The Georgia teacher-pension plan ranks as one of the nation’s most actuarially sound and well-financed, boasting 94 cents for every dollar it is expected to pay. But the plan’s health hasn’t doused opposition to Gov. Perdue’s proposal on cost-of-living adjustments.
Educators also argue that they have paid 5 percent annually into the plan since 1995, and for most of its life, participants paid 6 percent—in both cases, more than what other state employees pay into their retirement plans.
“We’ve paid for our COLAs. So we don’t think it is fair to cut back on us when we’ve already paid for them. We are getting back the money we put in for, in my case, those 37 and a half years,” said William G. Sloan, the executive director of the 18,000-member Georgia Retired Educators Association.
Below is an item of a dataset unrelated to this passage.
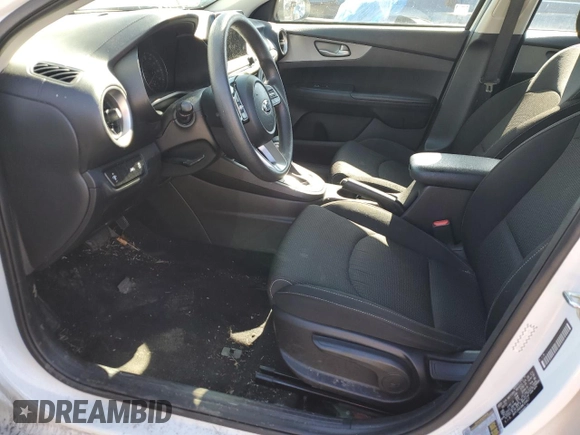 2021 Kia Forte FE with VIN 3KPF24AD0ME354627, listed as a Copart auction lot 49857375 with 69,387 mi miles and Salvage Title. Bid and sale history available at DreamBid. Image 7.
“I was willing to put it in because I was under the impression I would be getting it back when I wasn’t working,” he said.
‘Hot Button’ Issue
One of the angry teachers is Michael C. Witt, who teaches 3rd grade in Alpharetta, in suburban Atlanta, part of the 88,000-student Fulton County school system. He said the proposed pension changes have become a “hot button” issue among educators.
“Our fund is managed by state employees, and they have done an amazing job. This thing ain’t broke. Don’t fix it,” he said.
But Mr. Brantley, the governor’s spokesman, said the state needs the flexibility. The retirement system’s “only option right now is to increase the amount teachers pay in and employers pay in. They are doing that next year.” The employees’ contribution will increase to 5.25 percent annually.
He added: “I’m disappointed people would take this as an affront to teachers. This is really about managing the state’s fiscal affairs in a way that will make them sustainable over the long term.”